Cuda driver 320.00 error

Hi All,

I’m getting a CUDA error “unspecified launch failure” that causes the driver to go into an error state, does anyone knows how to recover the CUDA driver from it? or if I can set some kind of verbose in it for more information?

This is the nvidia-smi dump:
C:\Program Files\NVIDIA Corporation\NVSMI>nvidia-smi.exe
Wed Sep 04 16:14:23 2013
±-----------------------------------------------------+
| NVIDIA-SMI 5.320.00 Driver Version: 320.00 |
|-------------------------------±---------------------±---------------------+
| GPU Name TCC/WDDM | Bus-Id Disp.A | Volatile Uncorr.

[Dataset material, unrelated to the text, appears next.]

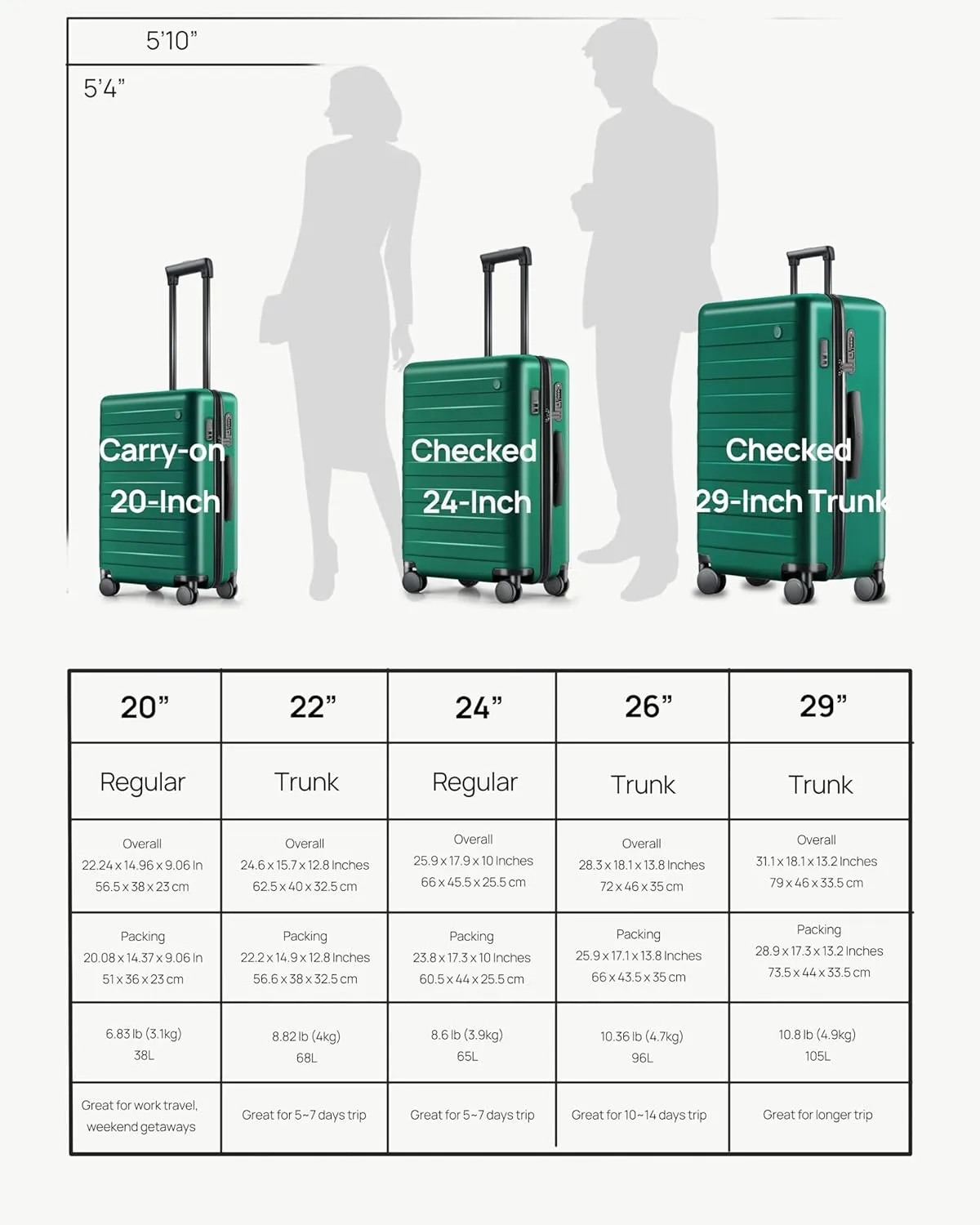Large Checked Luggage 29 Inch, Checking In Luggage with USB Port, Spinner Wheels, Lightweight, Hard Shell PC Suitcase, Lightweight Travel Luggage, TSA Approved (Emerald Green, Rhine Pro)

ECC |
| Fan Temp Perf Pwr:Usage/Cap| Memory-Usage | GPU-Util Compute M. |
|===============================+======================+======================|
| 0 ERR! TCC | ERR! ERR! | ERR! |
|ERR! ERR! ERR! ERR! / ERR! | 10MB / 6143MB | ERR! ERR! |
±------------------------------±---------------------±---------------------+
| 1 Quadro FX 3800 WDDM | 0000:28:00.0 N/A | N/A |
| 30% 78C N/A N/A / N/A | 997MB / 998MB | N/A Default |
±------------------------------±---------------------±---------------------+

±----------------------------------------------------------------------------+
| Compute processes: GPU Memory |
| GPU PID Process name Usage |
|=============================================================================|
| 0 ERROR: GPU is lost |
| 1 Not Supported |
±----------------------------------------------------------------------------+

C:\Program Files\NVIDIA Corporation\NVSMI>nvidia-smi.exe -q

==============NVSMI LOG==============

Timestamp : Wed Sep 04 16:20:49 2013
Driver Version : 320.00

Attached GPUs : 2
Unable to determine the PCI bus id for the target device: GPU is lost

“unspecified launch failure” is the GPU equivalent of a “segfault” on CPUs, meaning there is an out-of-bounds memory access. I would suggest use of cuda-memcheck to track down the out-of-bounds access. The out-of-bounds access may also be a follow-on error caused by a failing CUDA API call upstream (e.g. a failed memory allocation), so may sure to check the return status of all CUDA API calls.